Bilan de ma première semaine...
Vendredi 15 avril 2005 à 6h45 départ pour Nairobi, via Bruxelles.
Arrivé à Nairobi, j'ai dormi dans le même hôtel, dans la même chambre
que lorsque nous étions partis en Tanzanie! La nuit fut très agitée. Je
me suis réveillé à 1h en plein cauchemar. J'ai cru qu'il était 13h et
que j'avais raté mon avion. Heureusement, il me restait encore quelques
heures à dormir.
Samedi 16 avril, je prenais l'avion pour Bujumbura au Burundi et mon équipe venait me chercher à l'aéroport.
Guy et Vincent m'ont accueilli à bras ouverts et nous avons gagné Uvira, ma destination finale sur les berges du lac Tanganyika.
Pour ceux qui connaissent, Uvira ressemble un peu à Longido (Tanzanie)
: des rues en terre battue, des maisons quelque peu délabrées…mais le
paysage est magnifique. C'est une petite ville entre lac et montagne.

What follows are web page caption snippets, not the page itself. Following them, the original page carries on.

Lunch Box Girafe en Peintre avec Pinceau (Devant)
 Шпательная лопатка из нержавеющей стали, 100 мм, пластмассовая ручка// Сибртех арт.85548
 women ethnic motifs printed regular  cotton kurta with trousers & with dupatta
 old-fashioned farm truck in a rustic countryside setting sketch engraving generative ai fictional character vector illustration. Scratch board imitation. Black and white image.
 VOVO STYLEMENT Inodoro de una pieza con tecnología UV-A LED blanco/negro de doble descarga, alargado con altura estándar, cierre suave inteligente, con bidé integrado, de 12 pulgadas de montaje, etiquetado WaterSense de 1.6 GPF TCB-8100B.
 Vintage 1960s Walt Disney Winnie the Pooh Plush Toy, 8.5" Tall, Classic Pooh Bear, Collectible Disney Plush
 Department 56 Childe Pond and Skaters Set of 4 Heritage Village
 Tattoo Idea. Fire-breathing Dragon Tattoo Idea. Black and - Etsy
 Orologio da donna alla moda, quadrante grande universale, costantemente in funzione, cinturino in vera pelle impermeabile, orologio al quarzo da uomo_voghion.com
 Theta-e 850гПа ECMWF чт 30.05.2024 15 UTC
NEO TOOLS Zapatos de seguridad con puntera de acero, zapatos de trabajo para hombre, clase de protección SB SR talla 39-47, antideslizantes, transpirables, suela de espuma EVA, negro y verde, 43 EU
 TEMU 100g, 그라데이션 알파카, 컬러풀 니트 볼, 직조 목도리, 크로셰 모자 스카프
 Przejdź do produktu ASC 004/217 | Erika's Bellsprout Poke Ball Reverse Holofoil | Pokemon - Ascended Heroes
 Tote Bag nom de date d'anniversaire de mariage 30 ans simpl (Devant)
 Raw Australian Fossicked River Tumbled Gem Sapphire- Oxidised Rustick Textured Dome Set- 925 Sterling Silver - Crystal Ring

Mais pour des raisons de sécurité, nous ne pourrons explorer la
montagne.
Notre maison est belle et très grande, même si entourée d'un mur de
2,5m de hauteur avec barbelés et surveillée par un garde. Nous avons
l'eau froide courante, l'électricité de temps en temps. Mais nous
allons bientôt investir dans un groupe électrogène. La température
minimale est 28°C et maximale 30°C…
Nous mangeons bien, surtout du poisson, des pâtes…notre cuisinier local
essaie de nous faire une cuisine relativement européanisée.
Dès le premier jour, nous sommes allés visiter le camp réhabilité par Atlas qui peut accueillir une centaine de personnes. 4 réfugiés arrivent. Nous les aidons à décharger leurs bagages.
Dimanche 17 avril 2005.
Nous sommes conviés au pot de départ d'une association suisse de
déminage, qui faute de budget doit abandonner sa mission de déminage du
Sud Kivu. Le président de l'association me fait l'honneur de me laisser
remettre les diplômes.
Nous visitons ensuite le port afin de négocier son coût d'utilisation
pour le débarquement des réfugiés, ainsi que la construction d'un
second camp plus grand. Puis nous aurons une discussion sur la sécurité
dans le Sud et sur la presqu ' ile sur le lac. Les retours massifs ne
sont pas encore à l'ordre du jour.
Pour l'instant, nous nous "limiterons" aux "retournés spontanés" qui
reviennent en RDC par leurs propres moyens et seront dispatchés dans
toute la région. 2000 personnes ont déjà retrouvé leur région d'origine
en 2 mois.
Lundi 18 avril 2005.
Nous rencontrons un américain attaché de l'Ambassade des Etats Unis qui
représente à lui seul 30% du budget du HCR. Nous lui présentons nos
projets. Nous visitons le camp réhabilité. Il interroge une femme sur
le motif de son retour. Elle lui confie préférer mourir chez elle
plutôt qu'en Tanzanie. Sera ensuite abordée la question du sida. Mais
la préoccupation première de ce peuple est d'avoir à manger tous les
jours et d'avoir un toit au dessus de la tête.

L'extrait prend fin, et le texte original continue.